Requirement: Whatever lies between the line that holds "frame on blue modern living room, concept" and the final line of the records below, both included, should be repeated exactly; leave out the pictures and add nothing.
======== Data for this exercise ========
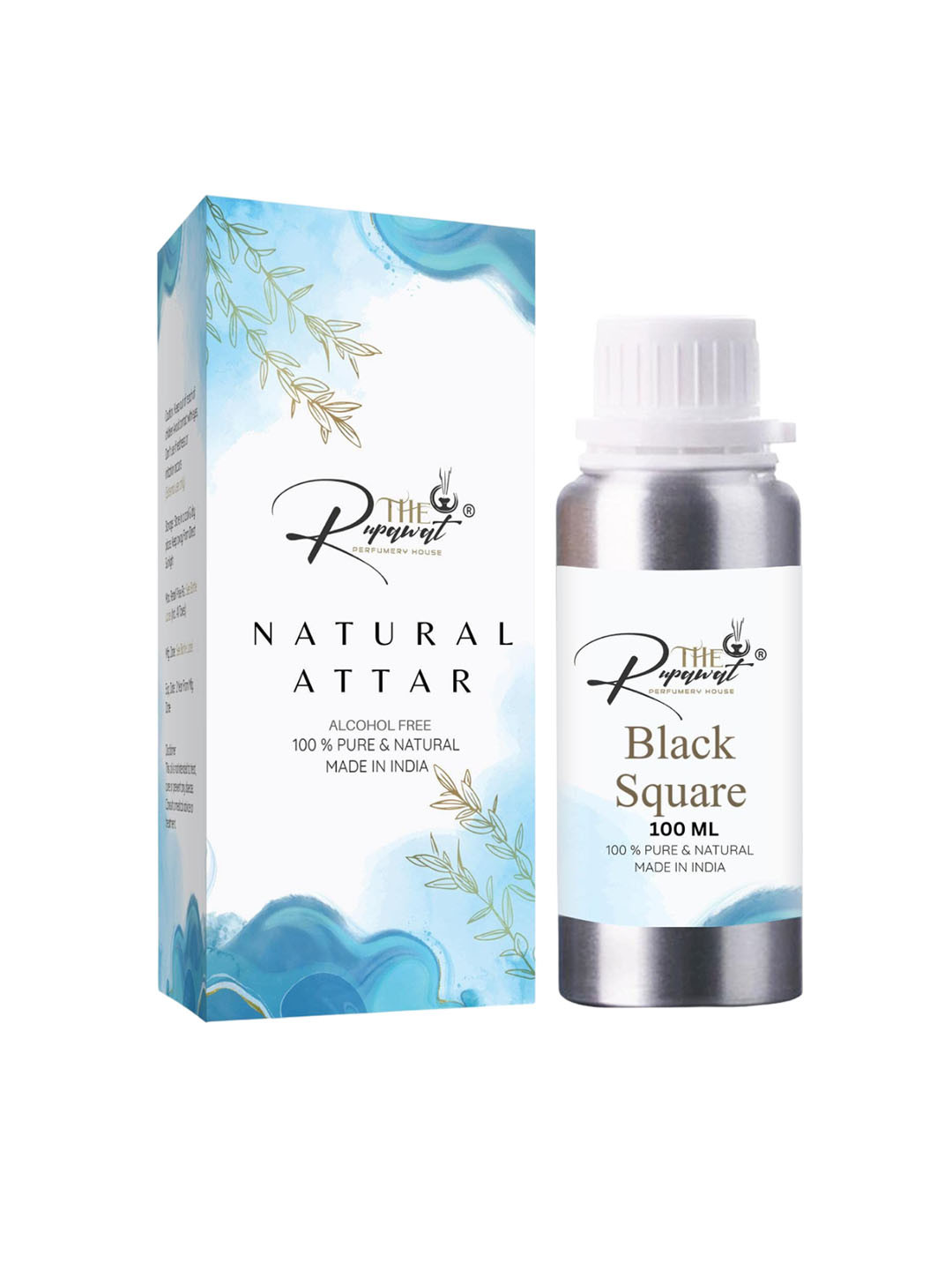 THE RUPAWAT Perfumery House Black Square 100% Natural & Pure Alcohol Free Attar - 100 ml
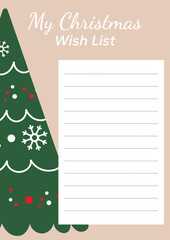 Hand drawn Christmas template for wish list. Minimalistic vector design.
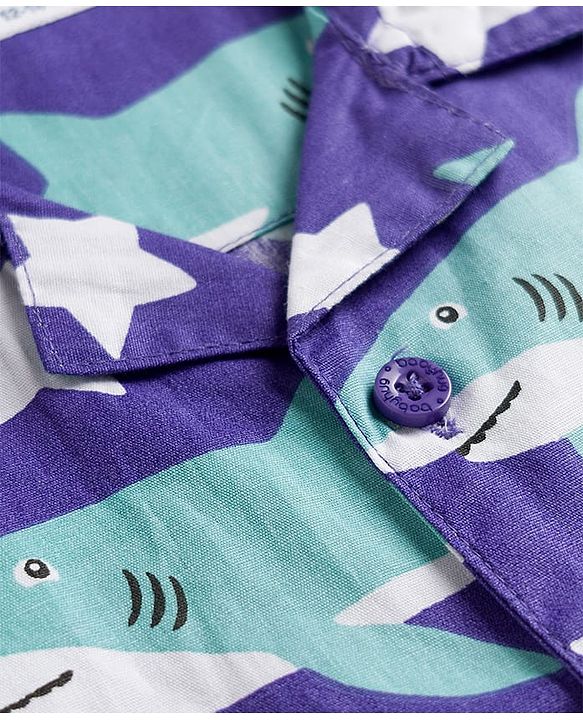 Babyhug Cotton Woven Half Sleeves Shirt & Pyjama Co-ord Night Suit with Shark Print - Purple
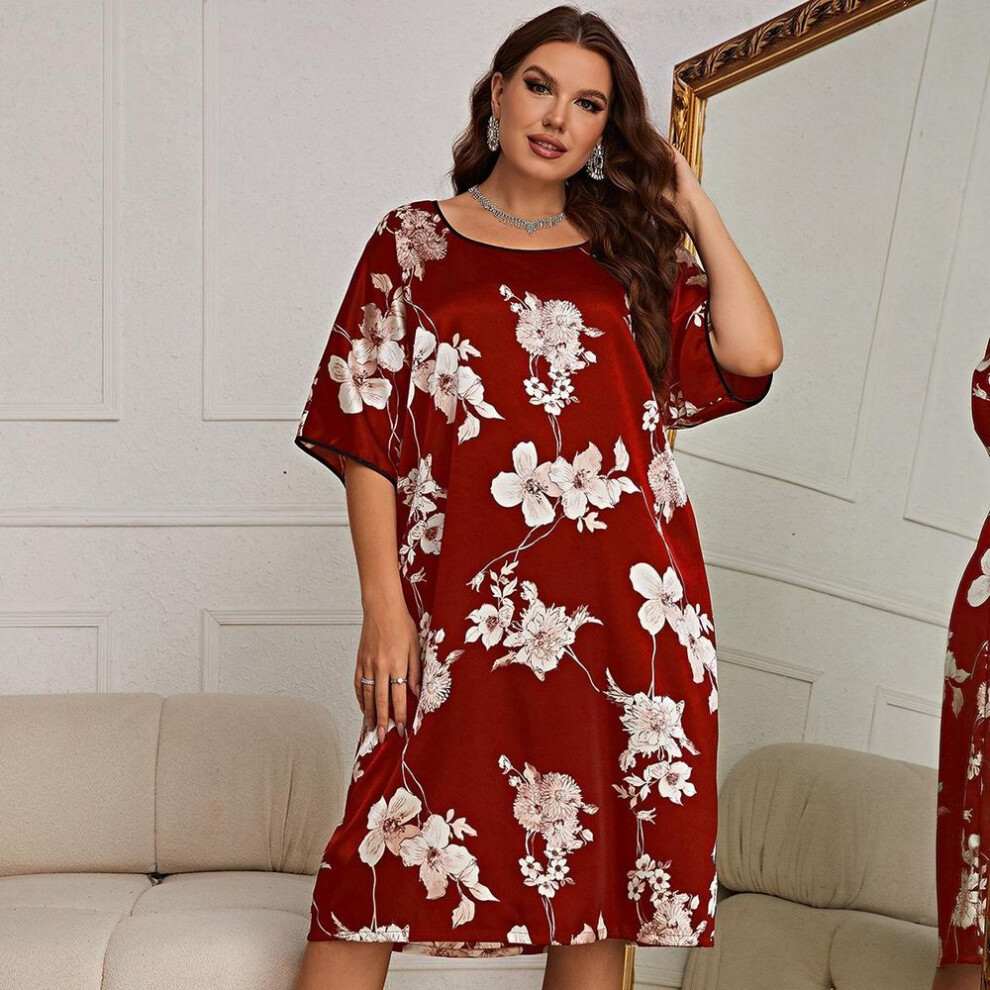 (red, 1XL) Women's Plus Size Nightgown Mid-length Printed Pullover Dress Homewear Ice Silk Nightgowns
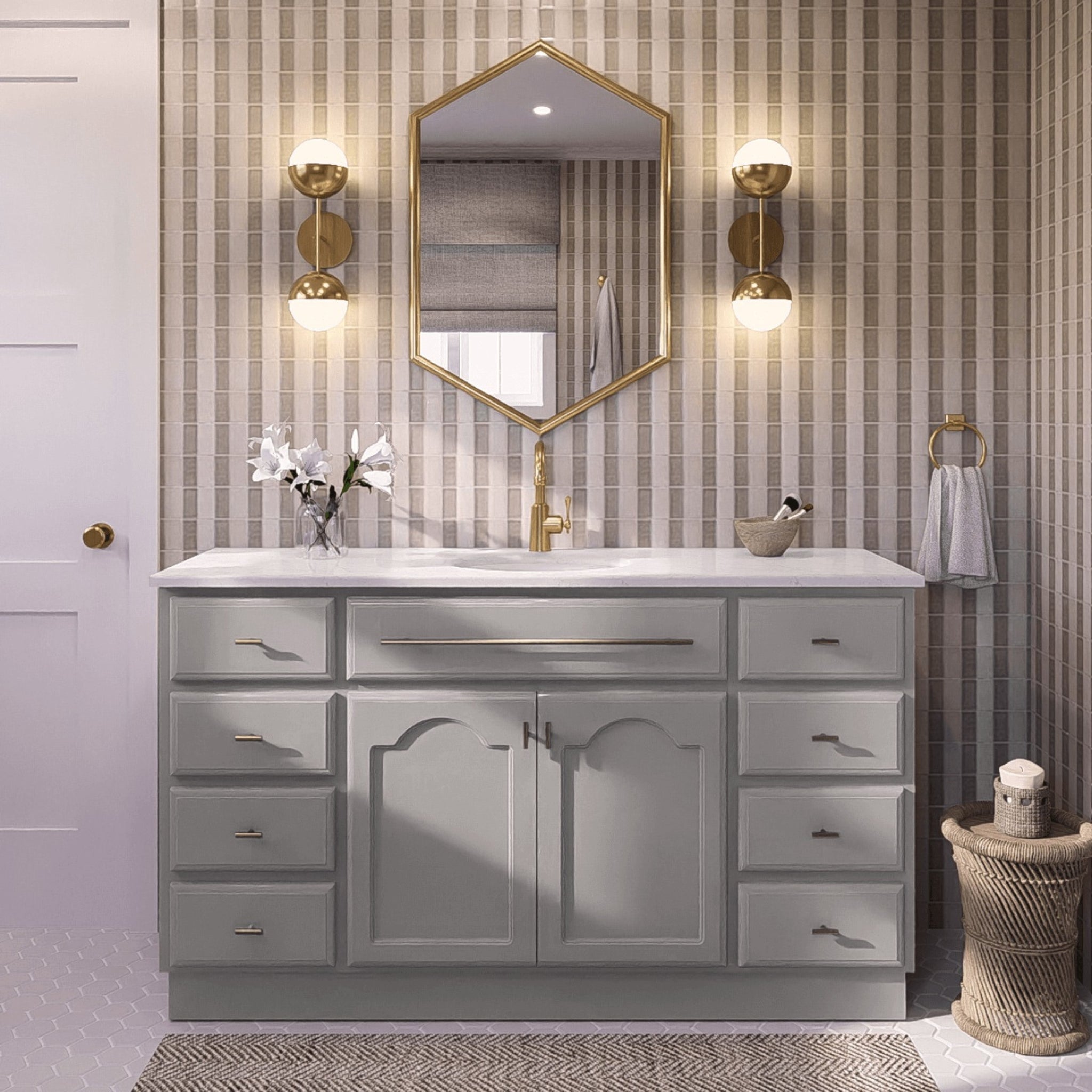 JOINERY BY BEARS ELISE PEARL GREY 1500MM SINGLE BOWL FREESTANDING VANITY PACKAGE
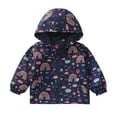 thumbnail image 1 of SGFCWSX Girls Floral Print Hooded Jacket Kids Zip Up Waterproof Lightweight Raincoat Fall Spring Outerwear Coat Navy Size 3-4 Years, 1 of 9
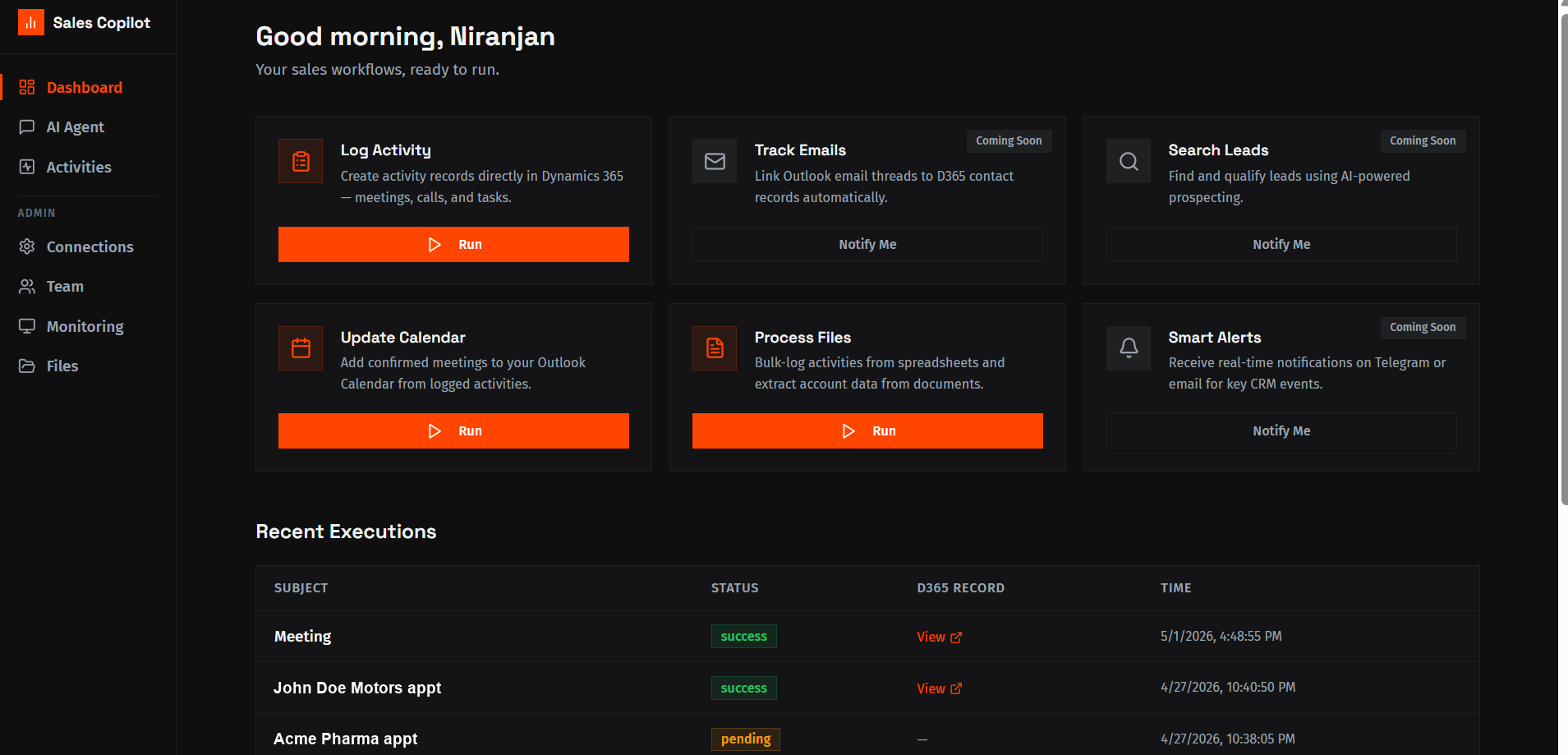 Loop Copilot · AI CRM Copilot · screen 1 screen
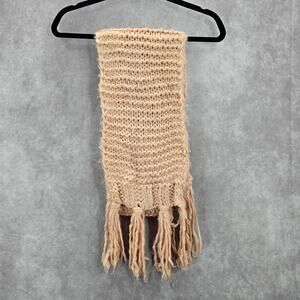 Pink Chunky‎ Fringe Cable Knit Weave Long Scarves Wrap Scarf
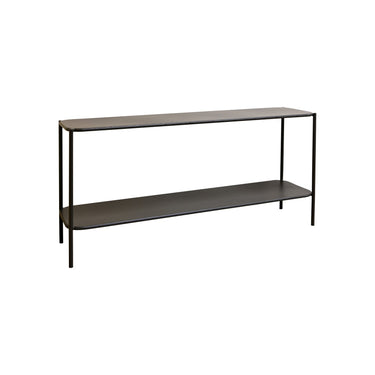 STUDIO Kiya low profile metal shelf in greyed-brown, 1350 x 350 x 650mm with two open shelves
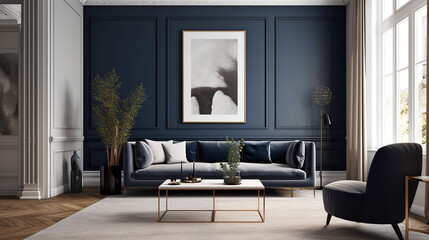 frame on blue modern living room, concept 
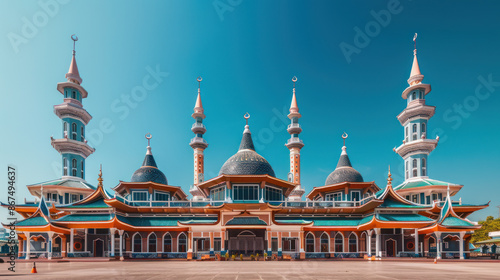 The beautiful grand mosque of West Sumatra features amazing Minangkabau architecture and towers against a clear blue sky. The iconic curved roofs and beautiful designs are impressive. photo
========
Reply to the task:
 frame on blue modern living room, concept 
 The beautiful grand mosque of West Sumatra features amazing Minangkabau architecture and towers against a clear blue sky. The iconic curved roofs and beautiful designs are impressive. photo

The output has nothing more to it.